One of my teachers used to say that if you would start doing something on daily basis and will keep doing and thinking about it you would start getting ideas which you have never read in any book or no one has ever told you. Kind of divine instructions for you.
Quality vs. quantity debate is an interesting one especially when it comes to putting our effort in a new venture which involves lots of learning. I am in the ‘quantity camp’.
… Taking hundreds and thousands of photos and then selecting a few out of them as a photographer has a good chance to give us nice photos than shooting only a few ones and also the ability to distinguish between good photos and bad photos.
… Writing lots and lots of code as a programmer can make us confident. Learning from trying to write only few lines of perfect code is close to impossible.
… Editing lots of videos will surely going to teach us each and every aspect of your editing software.
… Trying to sell or market to 1000 clients will give us lot more feed back and insights into people behavior for learning and better action than just trying to selling to 10 people.
… Making dozens of websites instead of a selected few will teach us each and every aspect of the trade.

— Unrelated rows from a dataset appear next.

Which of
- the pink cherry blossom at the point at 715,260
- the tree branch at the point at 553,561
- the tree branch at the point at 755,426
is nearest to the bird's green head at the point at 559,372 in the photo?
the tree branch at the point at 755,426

A person’s self-learning skills come into action when he is doing lot of effort by making mistakes and then improving on these mistakes with next work.
And in addition to learning and rectifying our mistakes, we also start learning shortcuts in doing the work. This in turn speeds up our work.
It probably cannot be defined how long we have to do lot of work before we are a master but in my own experience it should be around 3 years or may be more.
And of course we are going to improve every day during this 3 years period.
This interesting story (from this website) about quality vs. quantity is about creating art but it should relate to most efforts.
The ceramics teacher announced on opening day that he was dividing the class into two groups. All those on the left side of the studio, he said, would be graded solely on the quantity of work they produced, all those on the right solely on its quality. His procedure was simple: on the final day of class he would bring in his bathroom scales and weigh the work of the “quantity” group: fifty pound of pots rated an “A”, forty pounds a “B”, and so on. Those being graded on “quality”, however, needed to produce only one pot -albeit a perfect one – to get an “A”.
Well, came grading time and a curious fact emerged: the works of highest quality were all produced by the group being graded for quantity. It seems that while the “quantity” group was busily churning out piles of work – and learning from their mistakes – the “quality” group had sat theorizing about perfection, and in the end had little more to show for their efforts than grandiose theories and a pile of dead clay.
One day we are going to master and we will do only what is needed and will do it very precisely but before that we need to do lot of work.
So what are the fears for not doing quantity work:
… Fear of wasting time.
… Fear of people expectations of quality.
… Feeling stupid.
etc.
The 3 years time I proposed above for doing quantity work may seem too long but I have seen people spend more than 3 years on planning and thinking and without taking an action to start something; mostly because they want to be the best from the beginning.
So what you have done so far in life? Have you produced only quality or worked on quantity? Or may be just planning something for the time being?